ASSIGNMENT -
What you return must match the listing below exactly, minus any pictures.

DATASET EXTRACT -
########################################

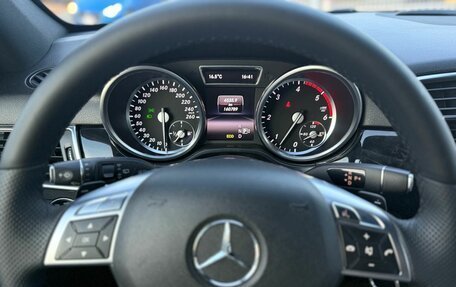 Mercedes-Benz M-Класс, 2013 год, 2 390 000 рублей, 13 фотография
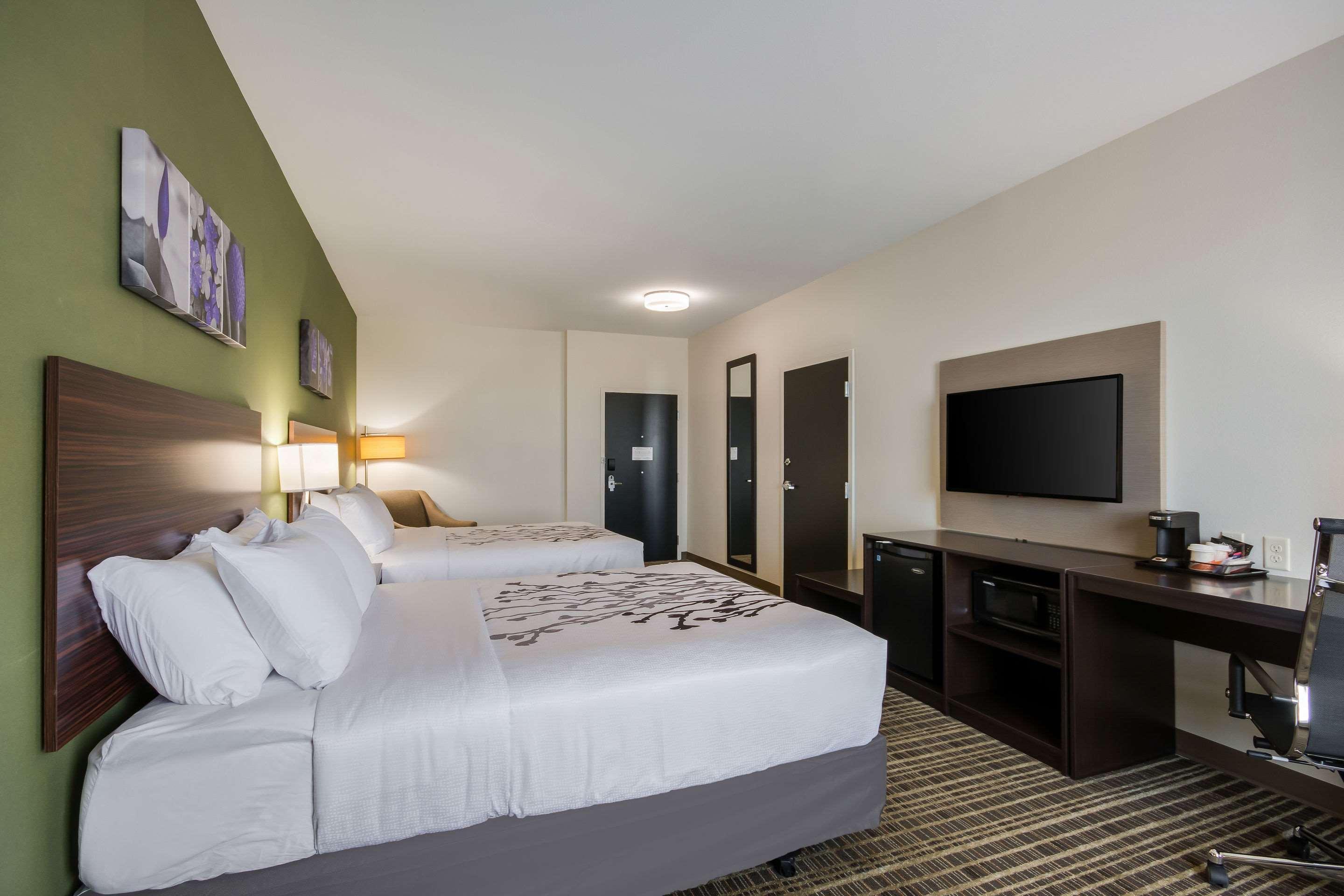 Sleep Inn & Suites Yukon Oklahoma City Kültér fotó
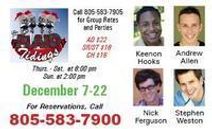 Forever Plaid: Plaid Tidings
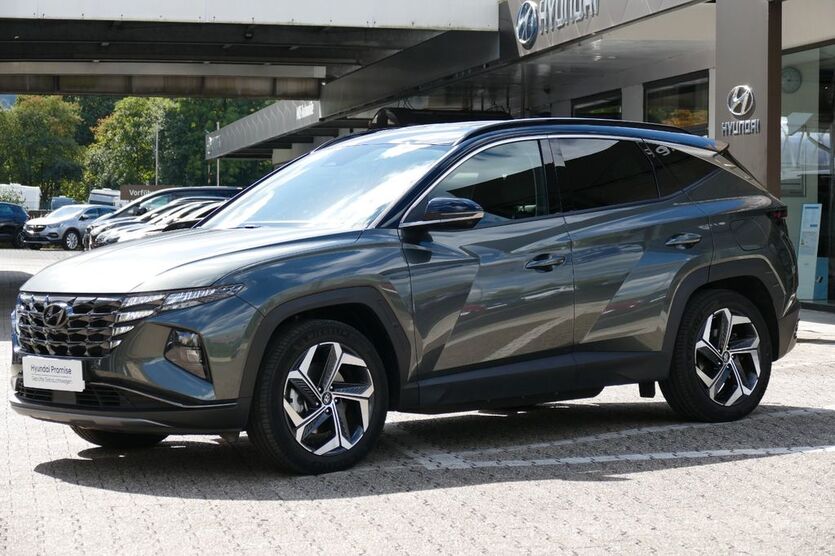 Hyundai TUCSON 54.750 km 27.790 € Schwelm 58332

########################################

ANSWER TO THE EXERCISE -
 Mercedes-Benz M-Класс, 2013 год, 2 390 000 рублей, 13 фотография
 Sleep Inn & Suites Yukon Oklahoma City Kültér fotó
 Forever Plaid: Plaid Tidings
 Hyundai TUCSON 54.750 km 27.790 € Schwelm 58332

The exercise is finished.